Recommend Items for User Stage
The Recommend Items for User query pipeline stage uses signals about item choices to recommend other similar items for a specific user. Personalization for the user can be based on the user’s search history, browsing history, or purchase history, and so on.
This pipeline stage uses items-for-user recommendations that have been precomputed by the ALS Recommender.

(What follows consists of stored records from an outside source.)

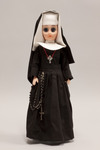 Doll wearing habit worn by Sisters of the Holy Spirit and Mary Immaculate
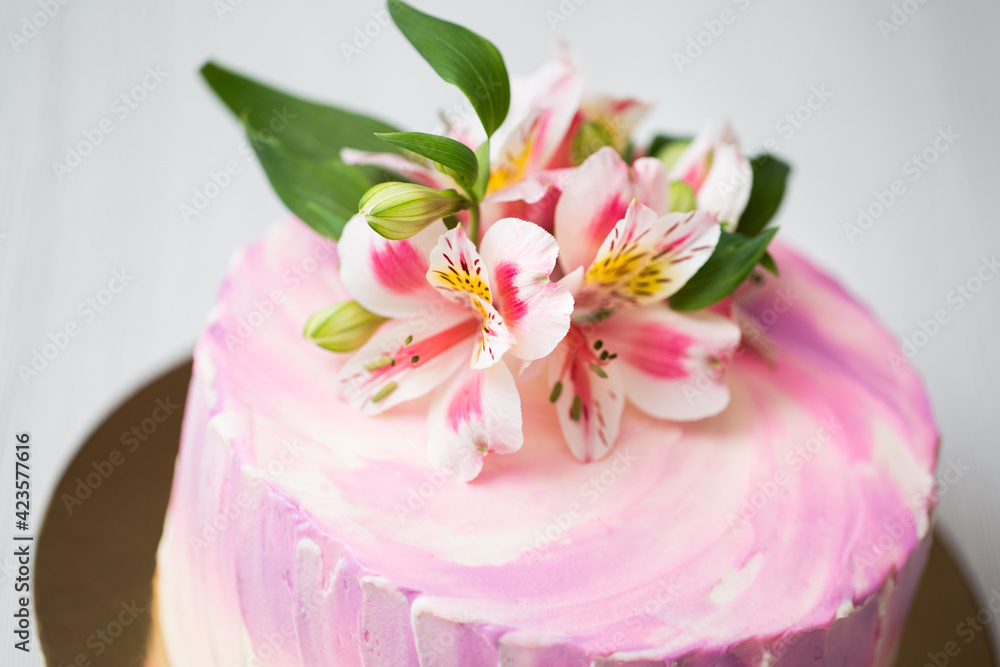 Cake with pink decor and flowers Cake with pink decor and flowers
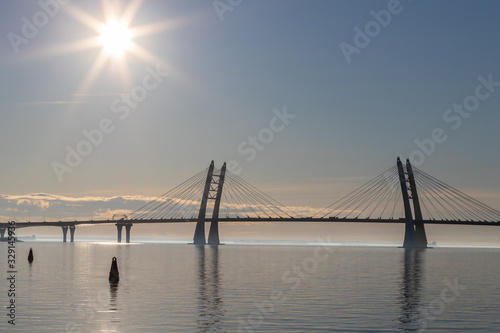 View from Vasilievsky island of St. Petersburg on the high- speed bridge over the Neva river. Sunset on the river and Bay.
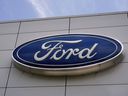 FILE - The Ford logo is seen above the entrance to the Ford Motor Company Kentucky Truck Plant, April 30, 2025, in Louisville, Ky.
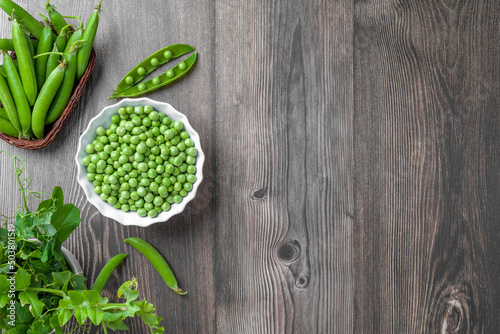 Fotobehang Fresh organic raw green peas in a bowl with peas plants leaves on dark wooden table background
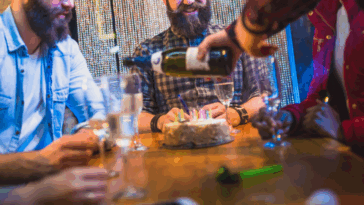 people celebrating birthday in restaurant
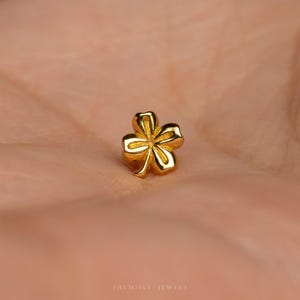 May include: A small, polished gold stud earring shaped like a four-leaf clover. The piece features a smooth, reflective metallic surface with defined indentations separating each of the four rounded petals, creating a classic, symmetrical floral design.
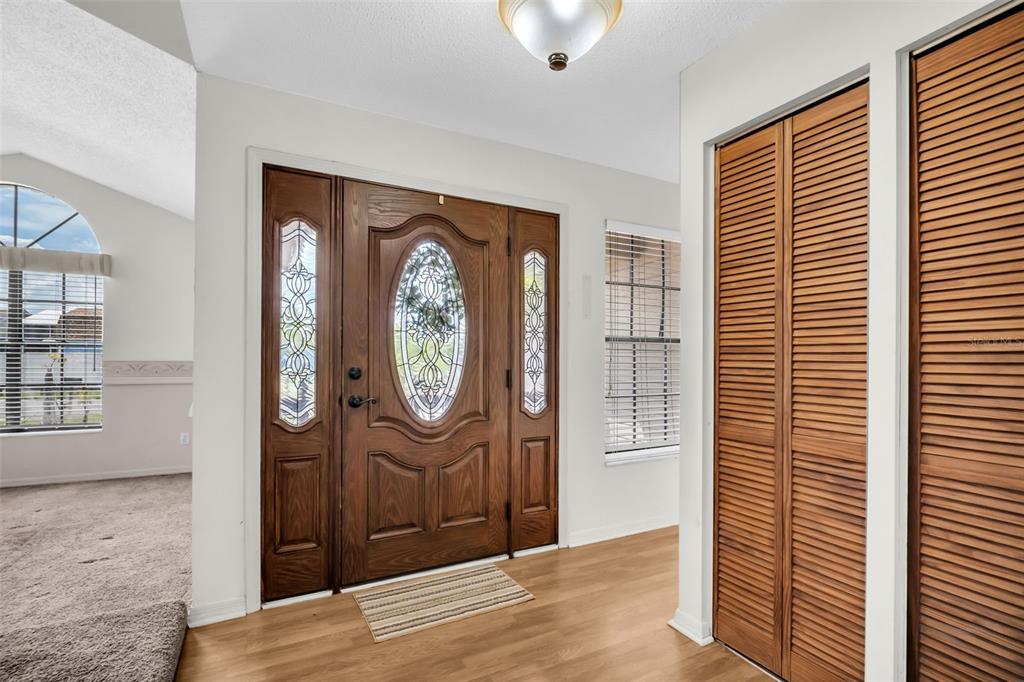 An entryway features a wooden front door with glass inserts, light flooring, and louvered closet doors — 5341 SOUTHWICK DRIVE, TAMPA, FL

Before creating a Recommend Items for Item stage, enable recommendations.
-
In the Fusion UI – With Query Workbench open, click Settings > Enable Recommendations.
-
Using the REST API – Use this command to enable recommendations:
curl -u USERNAME:PASSWORD -X PUT http://FUSION_HOST:FUSION_PORT/api/v1/collections/COLLECTION_NAME/features/recommendations -H 'content-type: application/json' -d '{"enabled":true}'
|
When you enable recommendations, Fusion creates a query pipeline that already contains this stage, and that is configured for boosting. The query pipeline is COLLECTION_NAME_items_for_user_recommendations .
|
The Estimate Recent Results option uses live signals to augment items-for-user recommendations with real-time recommendations.

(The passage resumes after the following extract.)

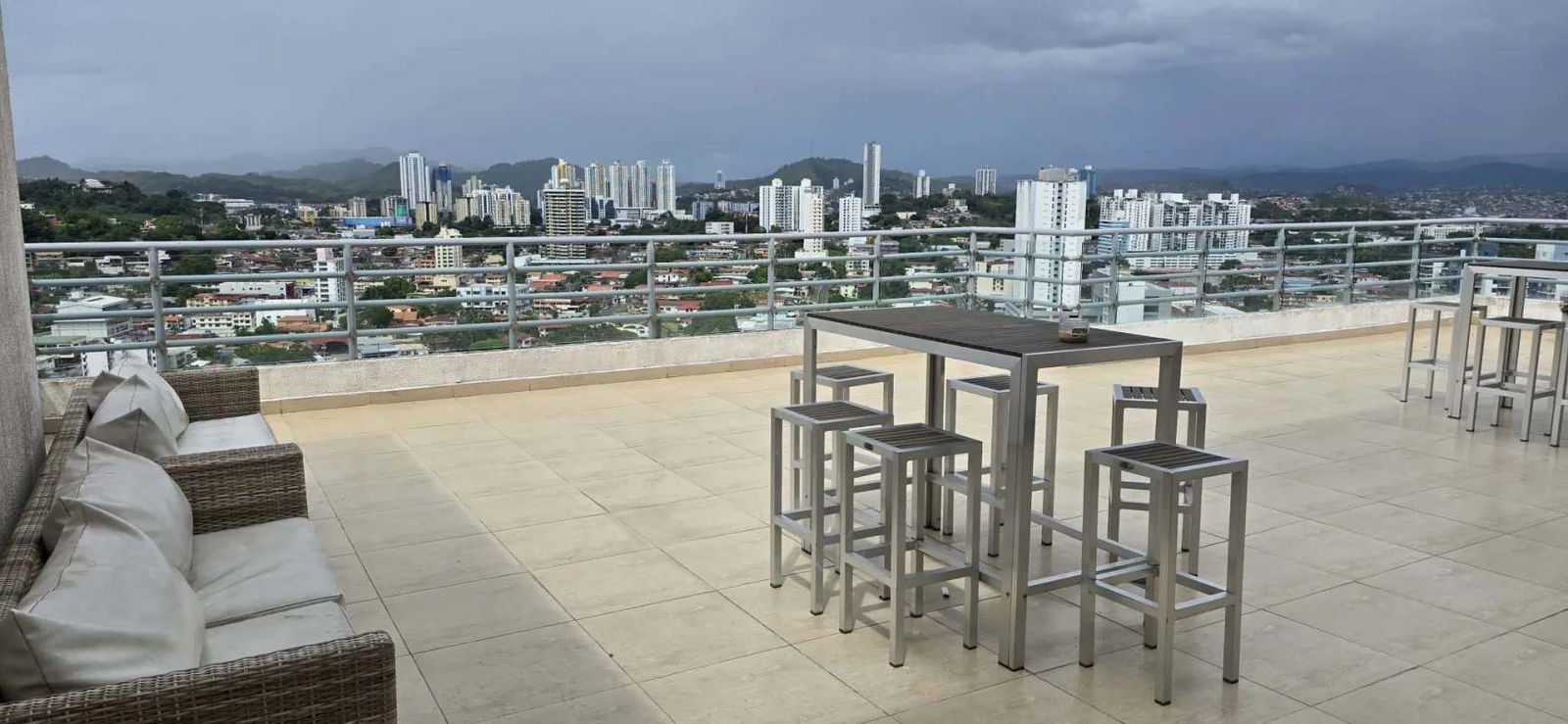 Modern rooftop terrace lounge with skyline view at PH Macedonia Towers El Ingenio Panama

When this is enabled, Fusion first looks up items from previously generated recommendations that are similar to the new items. If there are none then it looks up similar users who also interacted with that item to get a list of recommendations based on the new items. It then combines those new recommendations with the job-based recommendations already generated for that user, to generate a final list of recommendations.
|
When entering configuration values in the UI, use unescaped characters, such as \t for the tab character. When entering configuration values in the API, use escaped characters, such as \\t for the tab character.
|
This stage uses user recommendations for search time boosting
skip - boolean
Set to true to skip this stage.
Default: false
label - string
A unique label for this stage.
<= 255 characters
condition - string
Define a conditional script that must result in true or false. This can be used to determine if the stage should process or not.

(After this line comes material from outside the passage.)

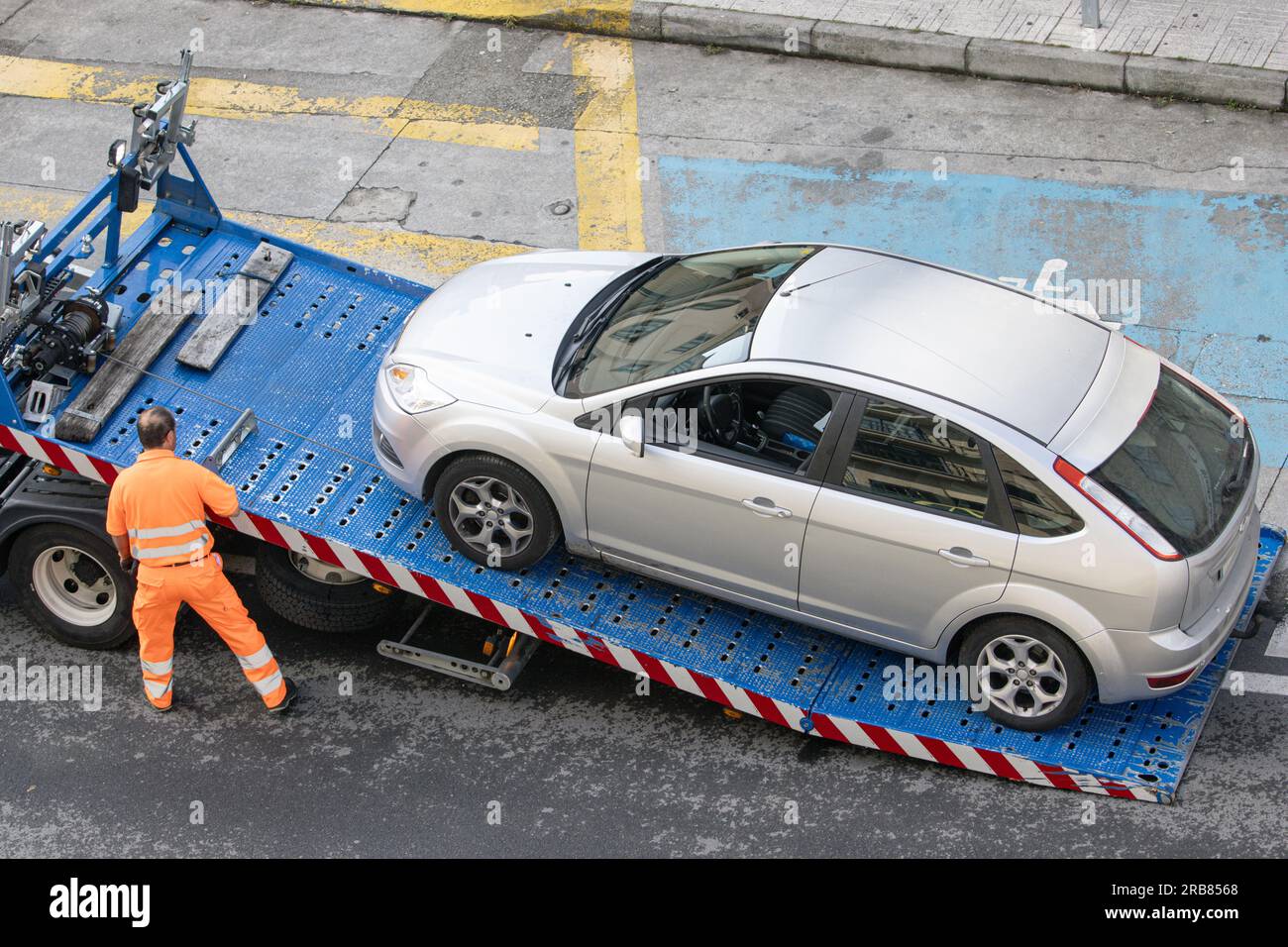 Galice, Espagne ; 08 juillet 2023 : travailleur de l'assistance routière levant une voiture sur une dépanneuse. Service de remorquage sur la ville Banque D'Images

numRecommendations - integer
Default: 10
modelID - string
Default: *
collection - string
If left blank, the default recommendation collection for the collection being queried will be used.
resultsLocation - string
If As Response is chosen, then the result of the RPC call will be the one and only response. In all other cases, the stage will put the response from the REST/RPC call into the target location using the resultsKey.
Default: As Boosts
Allowed values: As BoostsAs Response
modelIdField - string
the name of the field in the recommendation collection where model ID is stored
Default: modelId
scaleRange - Scale Boosts
Scale the boost values to a [min,max] range
scaleMin - number
scaleMax - number
foldInUpdates - boolean
Update recommendations based on user activity that has happened since the last recommendation job run
boostFieldName - string
The field name to boost the values on.
Default: id
boostingMethod - stringrequired
The boost method to use. query-parser should be chosen if defType!=edismax for main query.
Default: query-param
Allowed values: query-paramquery-parser
boostingParam - stringrequired
’Boost' multiplies scores by the boost values whereas 'bq' adds optional clauses to main query.
Default: boost
Allowed values: boostbq
userIdParam - string
The name of the request parameter containing the user ID
Default: user_id
userIdField - string
the name of the field in the recommendation collection where user ID is stored
Default: userId
itemIdField - string
the name of the field in the recommendation collection where item ID is stored
Default: itemId
weightField - string
the name of the field in the recommendation collection where weight of the recommendation is stored
Default: weight
modelCollection - string
The name of the collection where models are stored. By default this is {app_name}_recommender_models
rawSignalsCollection - string
The collection to use to fetch recent user interactions, if 'Estimate Recent Results' is true.